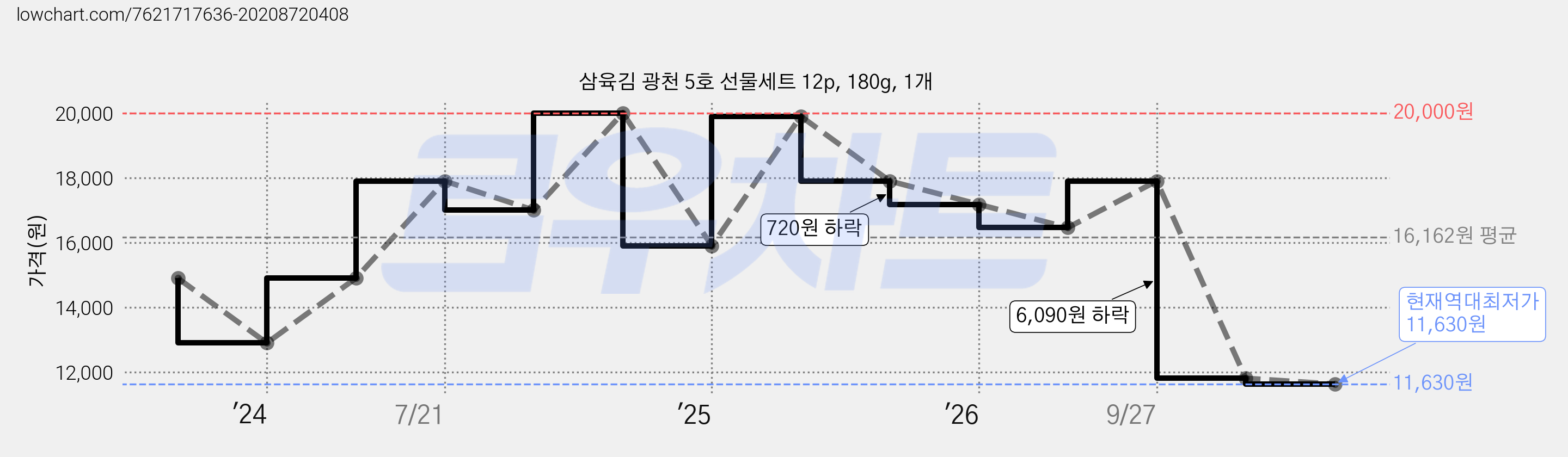 삼육김 광천 5호 선물세트 12p, 180g, 1개 가격 변동 차트, 현재가 11,630원, 역대최저가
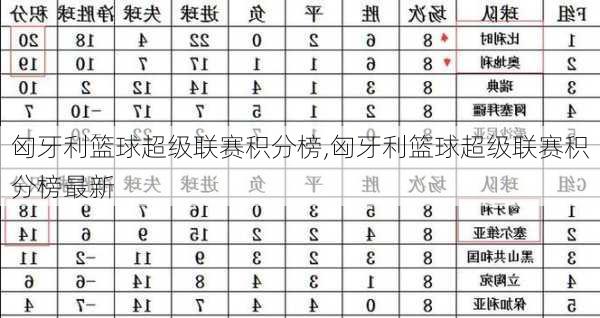 匈牙利篮球超级联赛积分榜,匈牙利篮球超级联赛积分榜最新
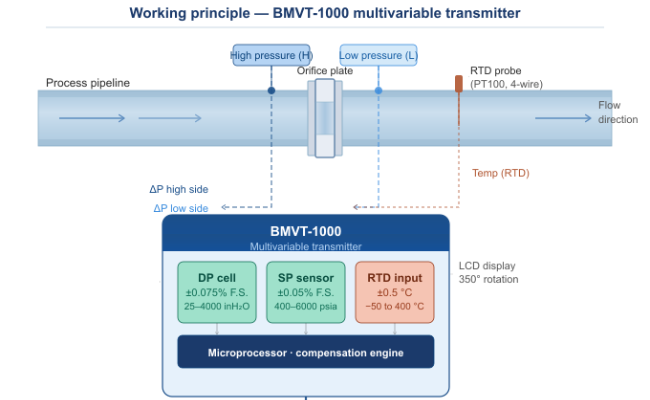Multivariable Transmitter Manufacturer & Supplier in India – Burak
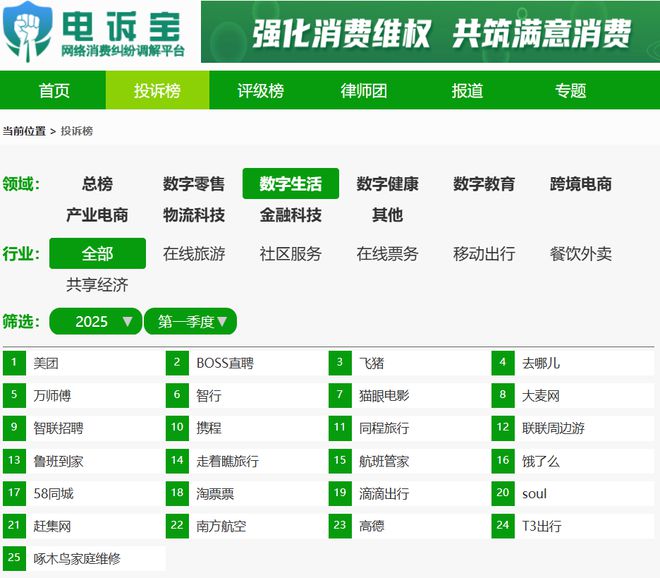 爱回收、红布林、小红书、转转、途虎养车成数字零售典型投诉案例(图4)
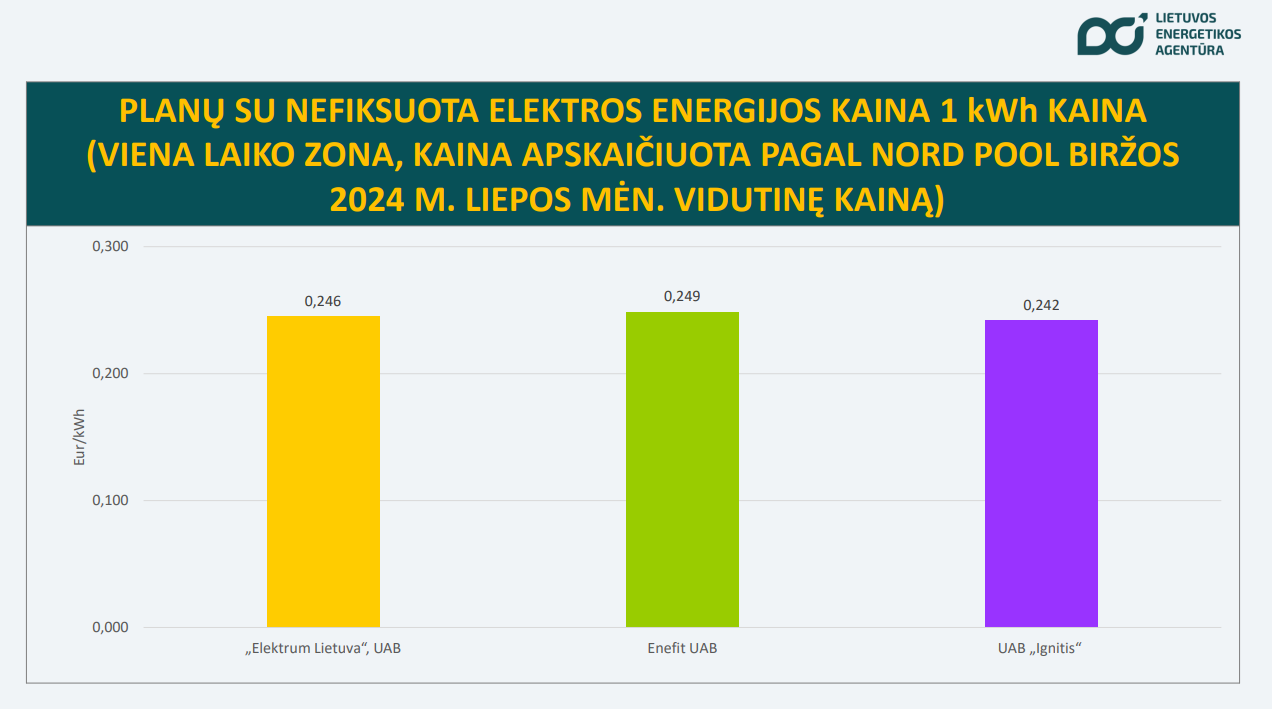 prognozuojama nepriklausomų tiekėjų sąskaita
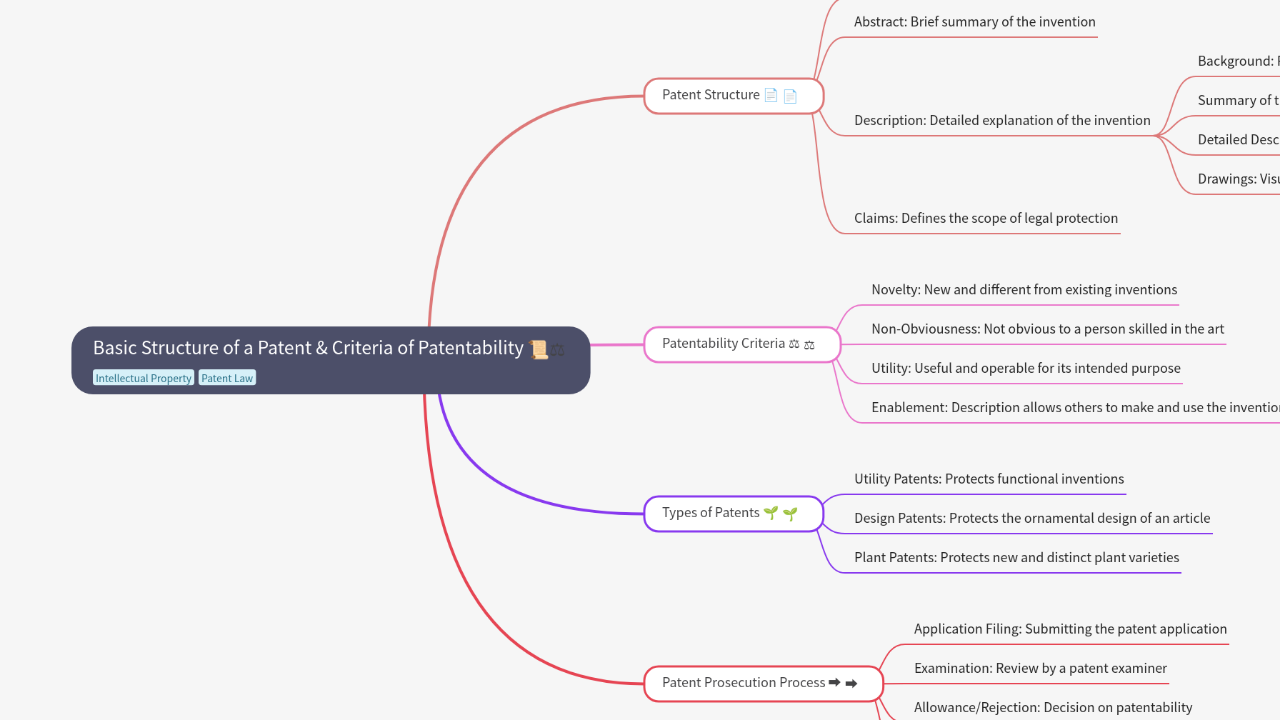 Mind Map:Basic Structure of a Patent & Criteria of Patentability ...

What this task involves -> Reproduce word for word the lines running from the line with "爱回收、红布林、小红书、转转、途虎养车成数字零售典型投诉案例(图4)" through the end of the data, both included, and nothing else; leave out the pictures.

Finished exercise ->
 爱回收、红布林、小红书、转转、途虎养车成数字零售典型投诉案例(图4)
 prognozuojama nepriklausomų tiekėjų sąskaita
 Mind Map:Basic Structure of a Patent & Criteria of Patentability ...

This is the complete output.